Parking: From Hwy. 101, take Sir Francis Drake Blvd. west, through Fairfax. Park at Madrone Group Area, on right, less than .5 ml. west of the main entrance to Samuel P. Taylor Park. Agency: Samuel P. Taylor State Park

Barnabe Peak, a sentinel of north Marin at 1,466-feet, has been a fire lookout station since 1940. You can see the top from the ranger office at the main park entrance. Barnabe was a white mule, a good animal by all reports, who came across the country with Captain John C. Fremont and Kit Carson during the Expedition of the Western Territories in the early 1840s. His last days were as a beloved pet for Sam and Sarah Taylor’s boys, who named the peak for him since it was his favorite place to roam.

For both hikes, follow the road up through the oak groves to the trailhead, which is at the back left of the parking lot above the picnic area. Start up the gravel fire road, and veer left after the first little climb. You can look up the draw northward and see Barnabe, with mixed forests in the creases of its knuckled, grassy top. The road to the right at this first junction goes to Irving Picnic Area, TH86. You’ll contour left, and come to a trail junction, some .75-miles from the trailhead. To Taylor’s Grave Site, a modest memorial to the honest, enterprising pioneer, go left at this junction. Then bear left as another trail goes right, on the way to Devils Gulch. Taylor died of a heart attack in 1885; the family businesses, run by wife Sarah and their seven sons, went into default in the depression of 1893, and the lands were foreclosed. New landowners refused Sarah’s wish to be buried with her husband. She died in Oakland several years later.

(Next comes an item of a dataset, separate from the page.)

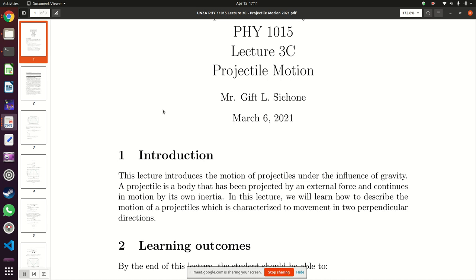The same happens when a tear gas canister is fired. The canister gains height and reaches some maximum height while moving horizontally at the same time. At maximum height, it stops gaining height and starts coming down while continuing to move horizontally until it lands. What qualifies as a projectile is an object which moves in two different directions at the same time — the vertical (y) direction and the horizontal (x) direction — which are 90 degrees to each other.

For Barnabe Peak, go right at the junction, beginning a 900-foot climb over the next 1.5 miles. Bring water and a good hat on sunny days, as open spaces are the rule on this south-facing trail. You walk above the tree line, contouring above mixed forests that spread up the Barnabe Creek drainage and other ravines. The ridge top has views of almost everywhere private property to the north blocks access to one small area.